That the wizard felt that overcomming your inability to move and damage at the same time was important enough to

-Burn his action
-Burn a 4th level spell
- and most importantly, put him in range of some pretty dangerous melee

I think gives a pretty convincing demonstration of how ineffective monks are without it. You shouldn't need to use another character as a taxi to get your mobile fightin on.

Silver Crusade 2/5 *

My magus taxis all kinds of PCs with dimension door. In fact, he taxis all melee PCs that aren't the favored few with access to pounce or whatever it is the barbarian build has. To be fair, however, any obstacle in the charge lanes makes it so everyone wants a taxi.

Liberty's Edge 5/5

Lormyr wrote:
Andrew Christian wrote:
Being able to jump without having to move 10' first is pretty cool and very useful outside if combat.
If a 2 PP potion of fly was not a thing, I might have greater empathy for that viewpoint.
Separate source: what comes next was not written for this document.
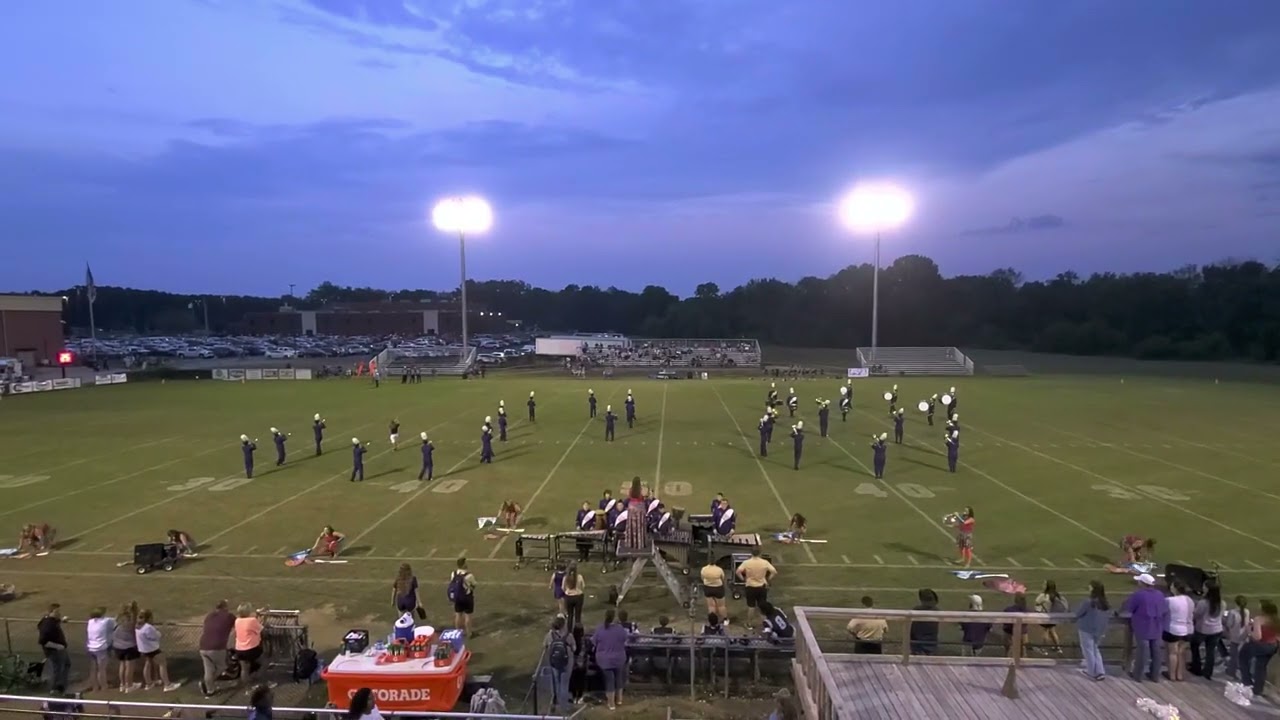 9/19/25 Performance before Coosa Christian game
Respectfully though, across 86 something odd levels of PFS game play, I can count on one hand the number of times I thought "high jump would actually be decent here". Many of those were chase scenes.
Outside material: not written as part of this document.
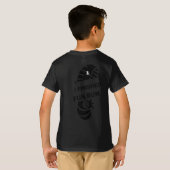 Fun Run Event verursacht Werbeaktion Wohltätigkeit T-Shirt (Schwarz voll)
Potions are an incredibly poor choice for PP expenditure, so that is not a feasible option. Besides, why expend a consumable when my Monk will automatically make the jump. Maybe carrying small characters or a rope across the chasm. No room to run up for the jump? No problem, I got this. Bit further than a standard jump? No problem, I'll spend a Ki and get +20. Not to mention my enhanced monk speed makes my jumps easier.

Just because you haven't found jumping useful, doesn't mean it isn't. I was asked what Monk abilities I have found useful out of combat. I named one.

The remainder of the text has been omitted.